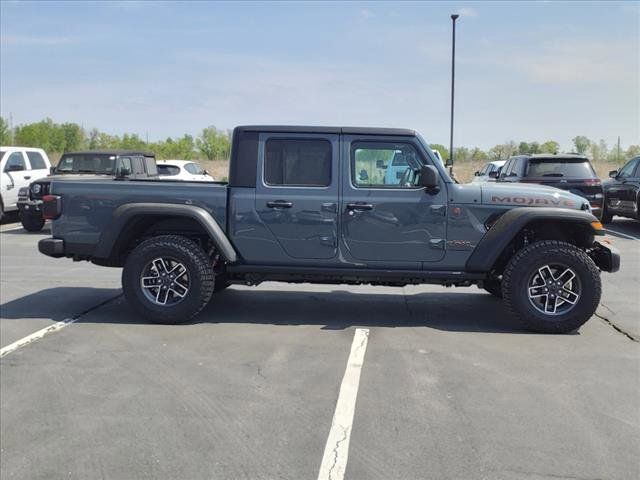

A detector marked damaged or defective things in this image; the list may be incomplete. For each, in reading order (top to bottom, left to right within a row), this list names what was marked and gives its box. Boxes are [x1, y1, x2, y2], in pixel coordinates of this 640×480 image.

pavement crack [596, 306, 636, 344]
pavement crack [328, 424, 348, 480]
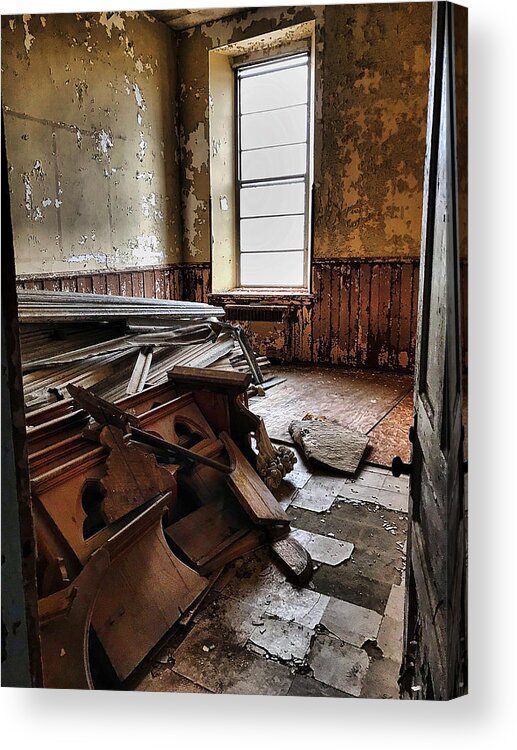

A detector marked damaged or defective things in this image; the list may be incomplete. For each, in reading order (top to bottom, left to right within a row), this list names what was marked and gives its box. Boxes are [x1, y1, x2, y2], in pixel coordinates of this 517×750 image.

peeling paint wall [2, 11, 181, 278]
peeling paint wall [177, 3, 432, 264]
broken floor tile [290, 478, 342, 516]
broken floor tile [292, 524, 352, 568]
broken floor tile [247, 616, 312, 664]
broken floor tile [320, 596, 380, 648]
broken floor tile [374, 616, 404, 664]
broken floor tile [382, 580, 404, 624]
broken floor tile [286, 676, 350, 700]
broken floor tile [308, 636, 368, 700]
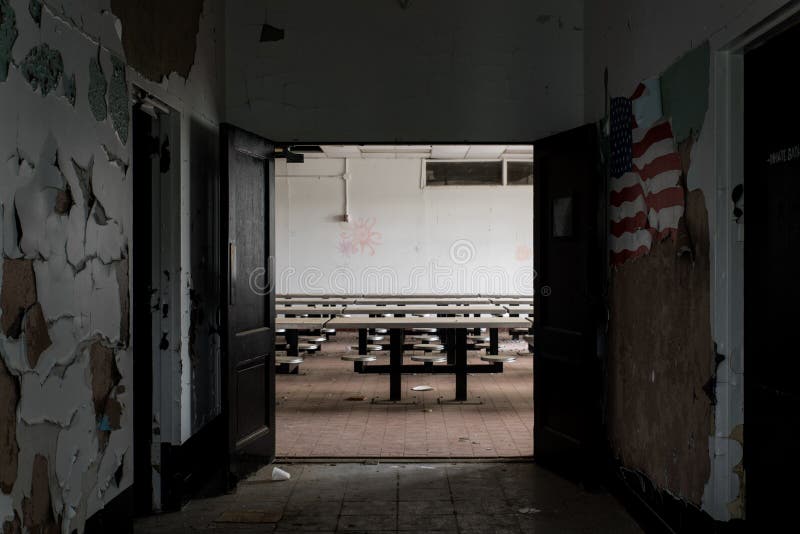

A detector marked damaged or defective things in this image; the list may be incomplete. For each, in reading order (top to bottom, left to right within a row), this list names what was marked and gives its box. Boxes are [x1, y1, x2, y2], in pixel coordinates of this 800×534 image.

peeling paint [0, 0, 17, 81]
peeling paint [18, 43, 64, 97]
peeling paint [87, 50, 107, 121]
peeling paint [108, 55, 128, 146]
peeling paint [0, 356, 19, 494]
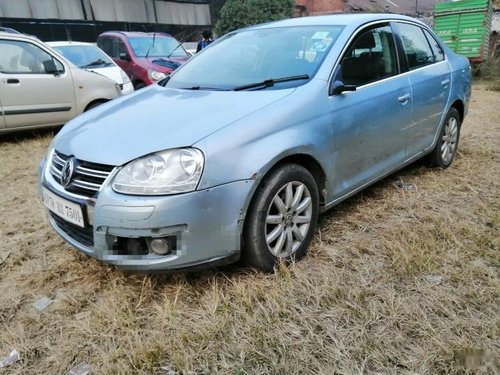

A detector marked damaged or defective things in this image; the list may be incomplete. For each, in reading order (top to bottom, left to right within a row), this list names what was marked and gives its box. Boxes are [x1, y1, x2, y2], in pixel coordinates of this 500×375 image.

dent on car door [0, 39, 76, 130]
dent on car door [328, 23, 410, 198]
dent on car door [394, 22, 454, 157]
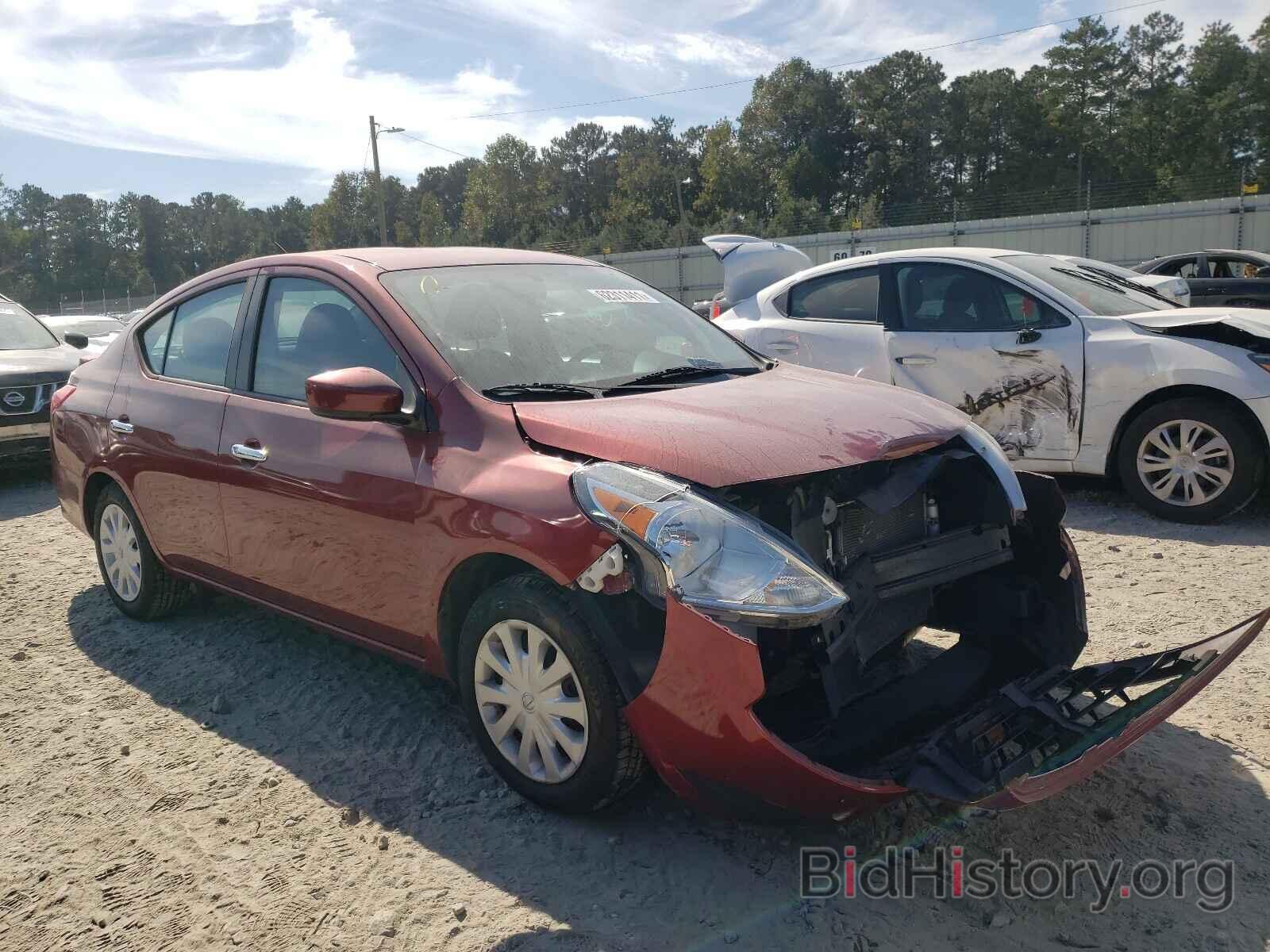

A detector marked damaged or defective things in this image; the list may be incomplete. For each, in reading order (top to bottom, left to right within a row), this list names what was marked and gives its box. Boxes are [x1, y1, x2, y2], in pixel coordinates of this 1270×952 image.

damaged red car [49, 248, 1260, 822]
white car with damage [711, 237, 1270, 523]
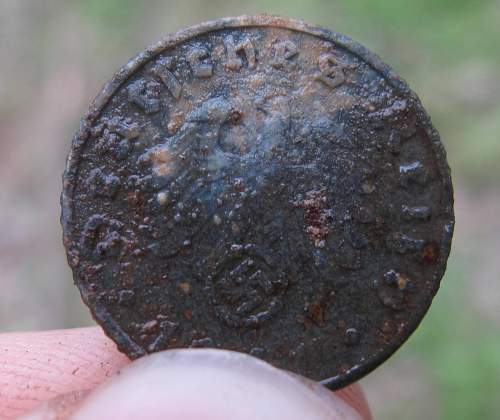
━━━━━━━━━━
* **Your objective**
Copy exactly the lines that begin at the one containing "this 800×534 image." and end at the last line of the records, both included, omitting the pictures.

* **Exercise response**
A detector marked damaged or defective things in this image; the list may be incomplete. For each, in reading order (top to bottom, left to right within a row), this list names what was marked and gives its box. Boxes are [x1, y1, x2, y2], in pixel coordinates of this 800×534 image.

peeling paint [0, 0, 17, 81]
peeling paint [18, 43, 64, 97]
peeling paint [87, 50, 107, 121]
peeling paint [108, 55, 128, 146]
peeling paint [0, 356, 19, 494]

A detector marked damaged or defective things in this image; the list may be incomplete. For each, in reading order (top to bottom, left to right within a row), this list names what was marked and gives its box. Boxes are [x1, y1, x2, y2], in pixel coordinates of this 500×375 image.

dent on car door [0, 39, 76, 130]
dent on car door [328, 23, 410, 198]
dent on car door [394, 22, 454, 157]

A detector marked damaged or defective things in this image; the list may be incomplete. For each, in reading order (top to bottom, left to right within a row), this list names what was marked and gives its box. Boxes are [x1, y1, x2, y2], in pixel coordinates of this 1270×952 image.

damaged red car [49, 248, 1260, 822]
white car with damage [711, 237, 1270, 523]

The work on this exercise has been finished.